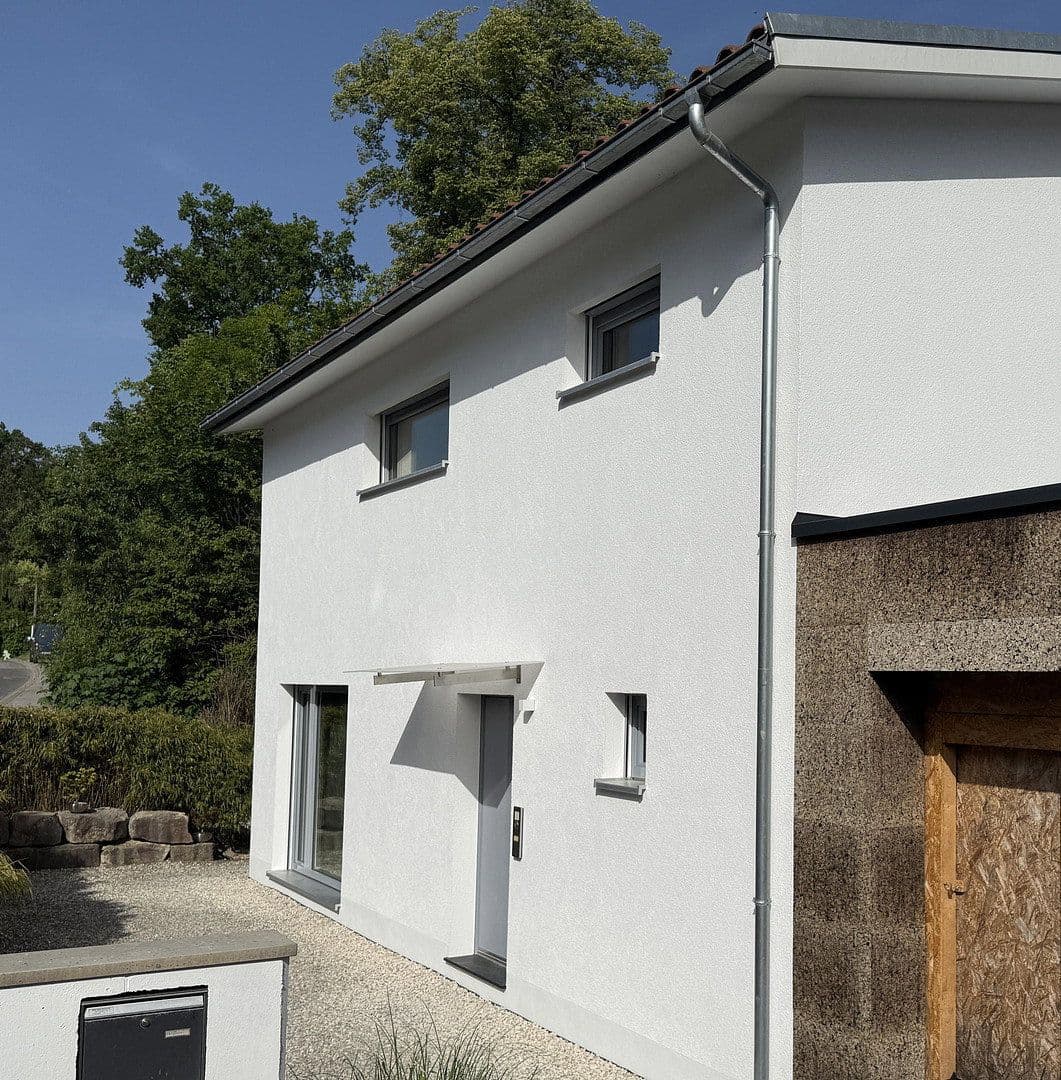 Predaj domu 143 m², pozemok 1.770 m², Hersbruck, Bavorsko Predaj domu 143 m², pozemok 1.770 m², Hersbruck, Bavorsko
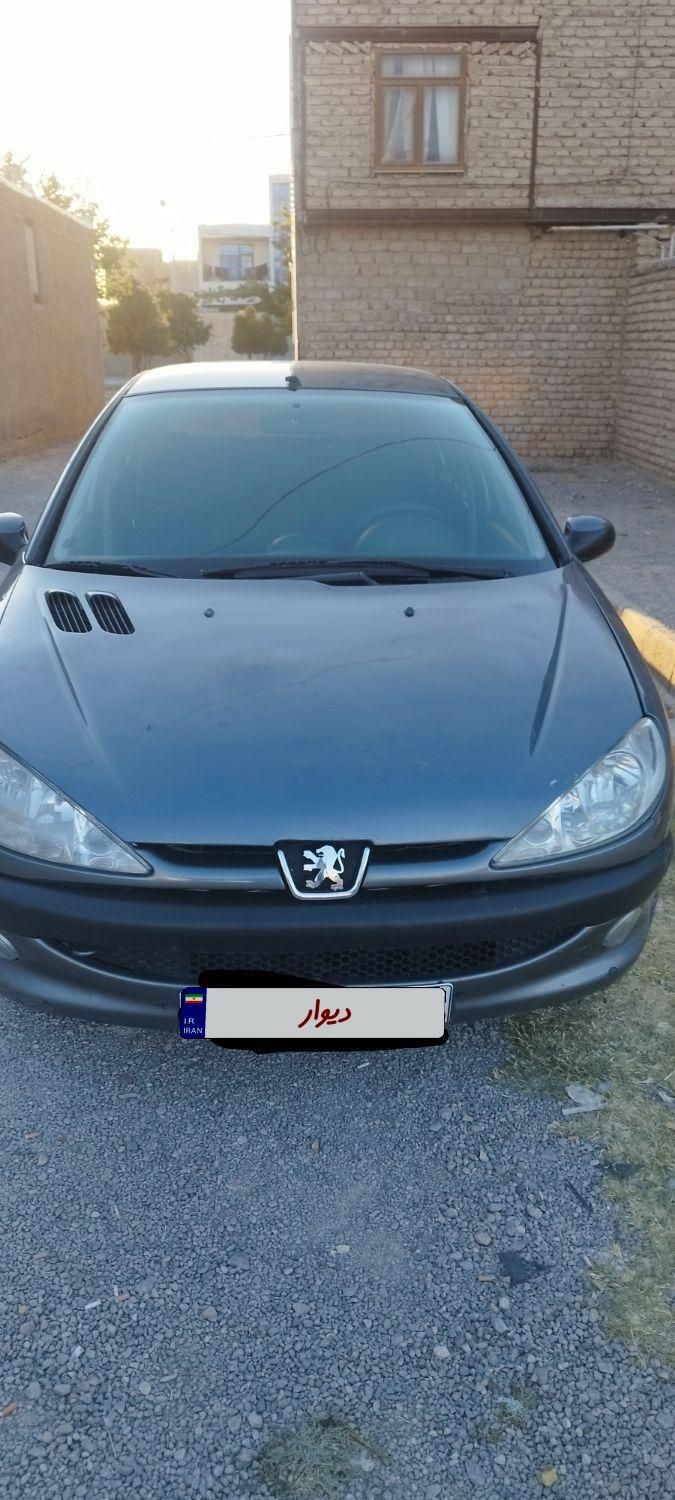 پژو ۲۰۶ صندوق دار v8 - 1393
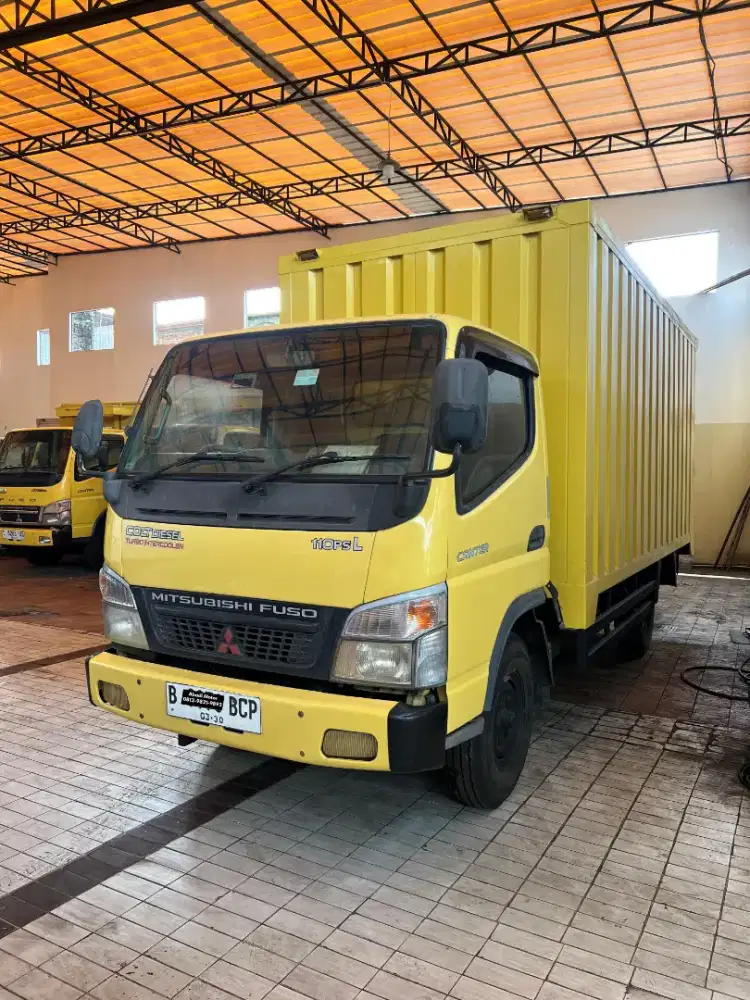 Mitsubishi canter engkel box besi FE71 thn 2014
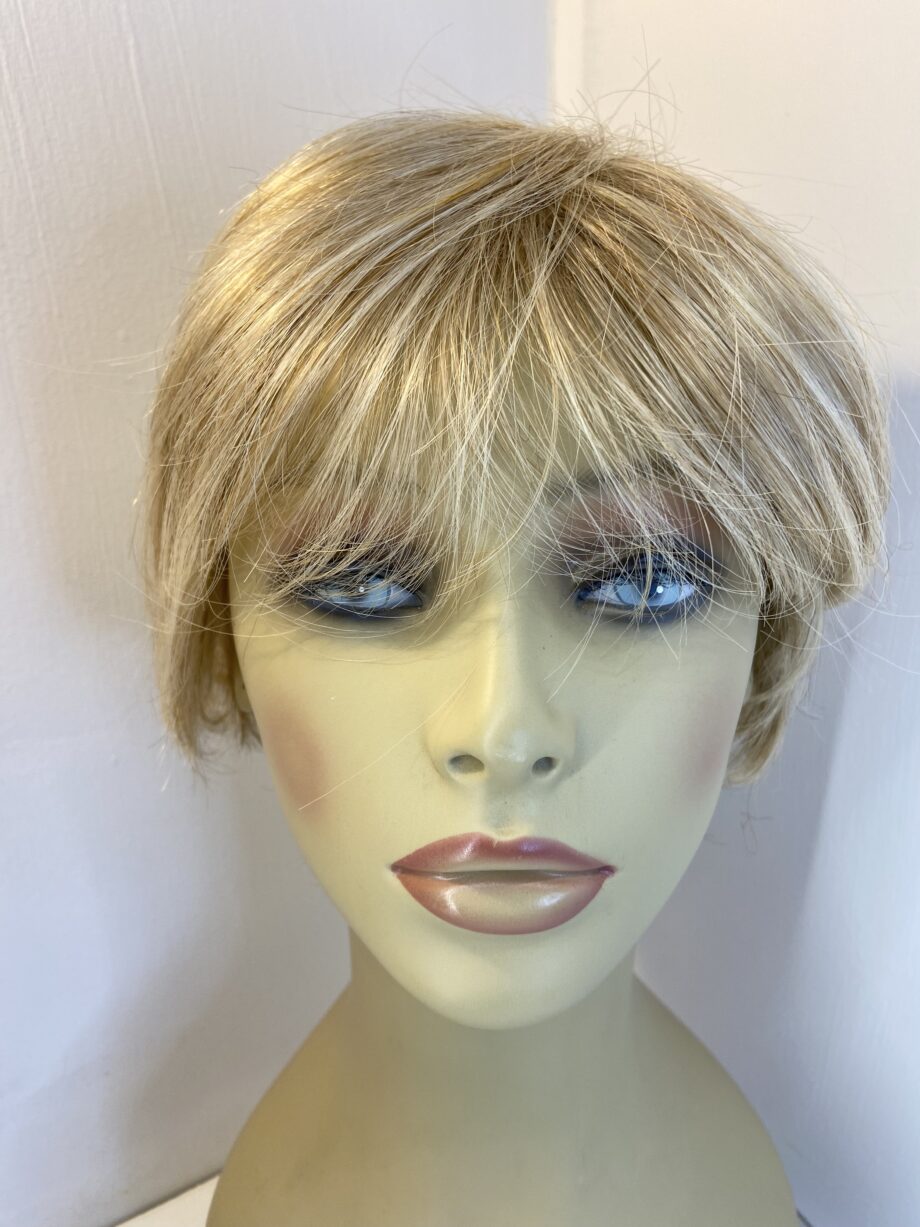 Stylish blonde wig. Blms138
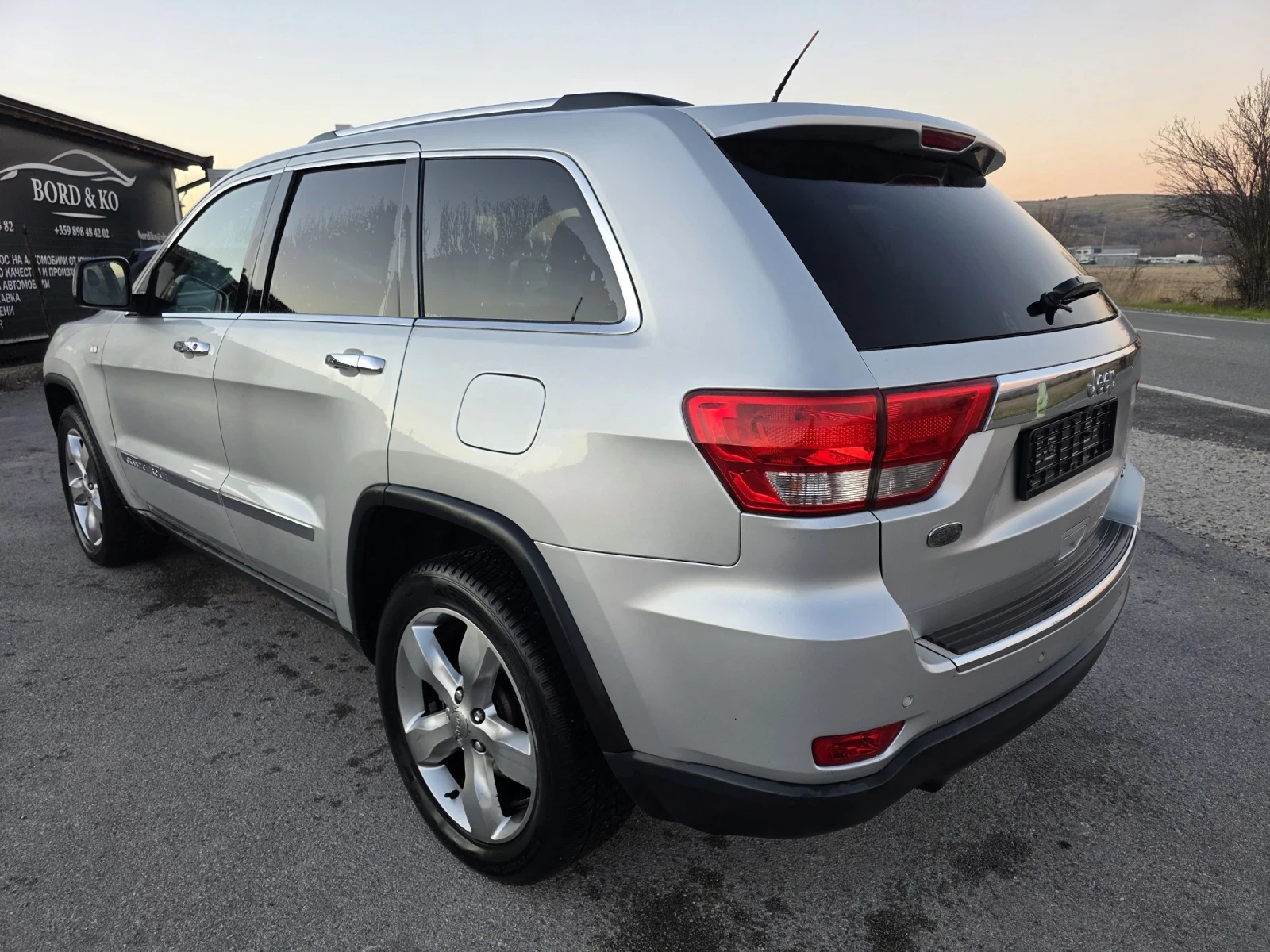 Jeep Grand cherokee 3.0d Overland Panorama - изображение 5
^^^^^^^^
WORK ITEM
Return exactly the lines from the line with "Mitsubishi canter engkel" through the last line of the data above, both included; pictures do not go in the answer.

RESULT FOR THIS EXERCISE
 Mitsubishi canter engkel box besi FE71 thn 2014
 Stylish blonde wig. Blms138
 Jeep Grand cherokee 3.0d Overland Panorama - изображение 5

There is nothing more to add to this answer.